I am a newbie in blogging, both in writing and maintaining my own blog as well as surfing what's out there. I am enjoying the experience so far. I have visited quite a few blogs and found some excellent writers and I make a point of leaving a comment behind whenever I can. Most of my comments are positive of course. But the other day I read something which bothered me enough to break that trend, and I left a negative comment for the first time even though the writing is actually pretty good.

I am still very new at this but I am finding that writing is a great way to figure something out. I thought about this negative comment quite a bit since, because I didn't like doing it at all, but having done it made me realize something: I really dislike cynicism.

This was not always the case, I was told for many years that I am a sarcastic and caustic person, and my sense of humor was very much derived from that source. It is such an easy thing to play cool and to self promote through cynicism. But not anymore. Today I actually find it disgusting and I do not miss that part of myself one bit, even when I lost my sense of humor along the way.

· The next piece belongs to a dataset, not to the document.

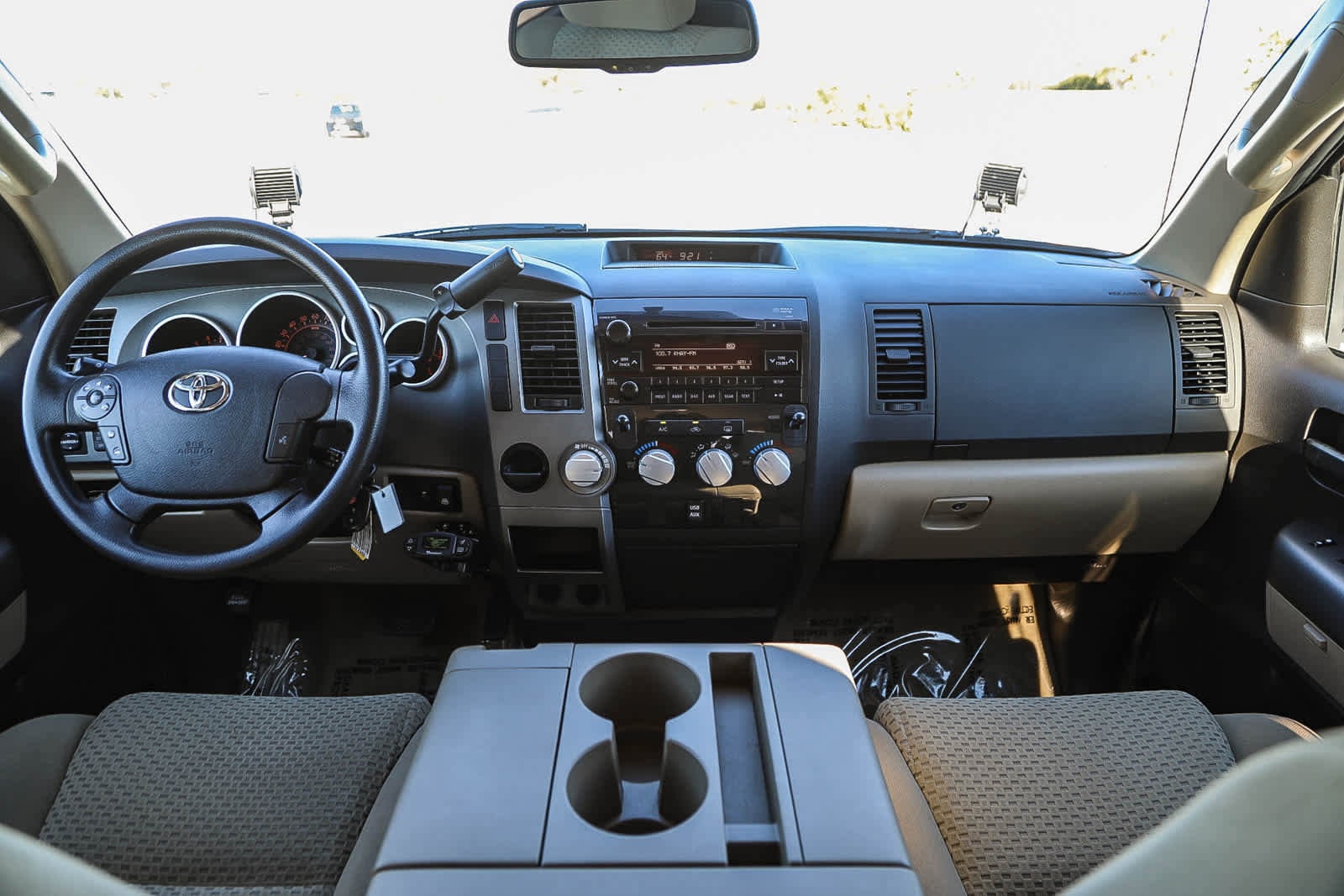 Thumbnail: 2011 Toyota Tundra - 11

This idea is not original I suppose, and I didn't figure it out on my own either. About six months ago I was listening to my favorite podcast and this woman I really admire said something like "Cynicism is so boring." That was an Eureka moment! Maybe this is obvious to everyone, but it wasn't to me. It never occurred to me to link the two, but the idea slowly grew in my head. Yeah, damn it, it is boring! Cynicism is never creative really, kinda like evil. People use it to divert personality responsibility, mask their sense of insecurity, and to deny the chance of real discussion and progress.

So am I successful in dropping cynicism out of my life? it is very hard to say. I am definitely trying, but I am well aware that I am not so witty and light hearted anymore. Perhaps the road out the land of the selfish and the bitter must be a serious one. I would love to find a way to be humorous without being negative...but I fear it may be a study of many years, decades even. I suspect it would be a worthy goal.